I've just finished listening to an excellent series of presentations on social media hosted by Vocus, and among the speakers was the justly famous (at least in marketing circles) David Meerman Scott.
In suitably rapid-fire fashion David talked about, to quote from his book blurb for Real-Time Marketing & PR, the “opportunities (and threats) inherent in today's always-on, 24x7, instant business environment” His latest opus is all about speed, being first, tempus fugit, etc, etc. Watching him rush about the stage as he presented, you can't help but admire his embodiment of the message he's delivering.
No question, speed is of the essence in marketing and PR: News cycles, product development cycles, sales cycles... they're all shrinking. To illustrate his argument for PR pros, David talked about United Airlines and their infamous PR fiasco over Dave Carroll's broken guitar, as well as Amazon's Big Brother antics pulling Orwell's 1984 off Kindles. He argued – correctly no doubt – that both companies took a geologic era to respond to events that unfolded in hours, and that their reputations were thus badly and unnecessarily damaged.

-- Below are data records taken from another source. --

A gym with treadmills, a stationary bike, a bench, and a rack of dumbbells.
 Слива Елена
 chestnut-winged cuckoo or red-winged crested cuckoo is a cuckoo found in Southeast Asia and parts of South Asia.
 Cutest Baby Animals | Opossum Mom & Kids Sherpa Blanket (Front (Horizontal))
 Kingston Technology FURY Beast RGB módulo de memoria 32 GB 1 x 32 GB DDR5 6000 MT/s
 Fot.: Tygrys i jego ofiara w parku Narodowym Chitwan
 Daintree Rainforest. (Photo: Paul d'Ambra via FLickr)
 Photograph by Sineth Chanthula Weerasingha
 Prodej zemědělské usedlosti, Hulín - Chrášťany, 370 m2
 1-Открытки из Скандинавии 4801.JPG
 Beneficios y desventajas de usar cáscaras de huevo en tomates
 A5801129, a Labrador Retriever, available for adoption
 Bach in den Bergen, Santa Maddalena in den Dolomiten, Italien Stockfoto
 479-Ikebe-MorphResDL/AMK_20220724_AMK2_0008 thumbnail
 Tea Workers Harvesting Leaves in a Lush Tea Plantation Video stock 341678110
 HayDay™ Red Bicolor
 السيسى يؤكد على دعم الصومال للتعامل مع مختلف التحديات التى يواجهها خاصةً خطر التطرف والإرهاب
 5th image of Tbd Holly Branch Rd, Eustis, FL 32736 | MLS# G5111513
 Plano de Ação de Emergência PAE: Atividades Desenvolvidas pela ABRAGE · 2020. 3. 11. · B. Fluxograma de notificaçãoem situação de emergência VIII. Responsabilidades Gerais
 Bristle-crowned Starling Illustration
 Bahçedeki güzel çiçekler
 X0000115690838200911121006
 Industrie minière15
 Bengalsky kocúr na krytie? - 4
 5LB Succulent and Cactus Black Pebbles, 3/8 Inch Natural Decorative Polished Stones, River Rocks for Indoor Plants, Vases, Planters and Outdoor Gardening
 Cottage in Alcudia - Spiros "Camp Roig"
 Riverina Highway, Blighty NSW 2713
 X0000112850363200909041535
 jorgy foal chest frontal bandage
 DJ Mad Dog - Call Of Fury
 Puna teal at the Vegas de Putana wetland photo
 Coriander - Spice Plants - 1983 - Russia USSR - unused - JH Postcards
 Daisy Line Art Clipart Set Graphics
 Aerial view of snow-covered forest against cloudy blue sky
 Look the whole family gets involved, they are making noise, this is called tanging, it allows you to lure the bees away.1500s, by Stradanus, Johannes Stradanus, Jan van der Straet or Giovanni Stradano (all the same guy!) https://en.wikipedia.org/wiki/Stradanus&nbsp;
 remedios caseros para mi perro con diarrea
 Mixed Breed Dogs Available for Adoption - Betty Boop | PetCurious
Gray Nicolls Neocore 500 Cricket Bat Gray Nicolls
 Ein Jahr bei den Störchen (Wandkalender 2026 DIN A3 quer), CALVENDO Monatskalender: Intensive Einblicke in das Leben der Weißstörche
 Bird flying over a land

Lets look at a couple of other, recent anecdotes. Shirley Sherrod, anyone? No question, the White House, the NAACP, Fox News and pretty much every media outlet in the country acted damn fast on this one. And you'd think that many of these politicos would have learned their lessons from the BeerGate nonsense from last year. In both cases, everyone rushed to judgment, desperate to get into the news cycle and desperate to appear to be responsive. Both times, reputations were badly and unnecessarily damaged.
Speed has a price. Reflex PR is a high risk game.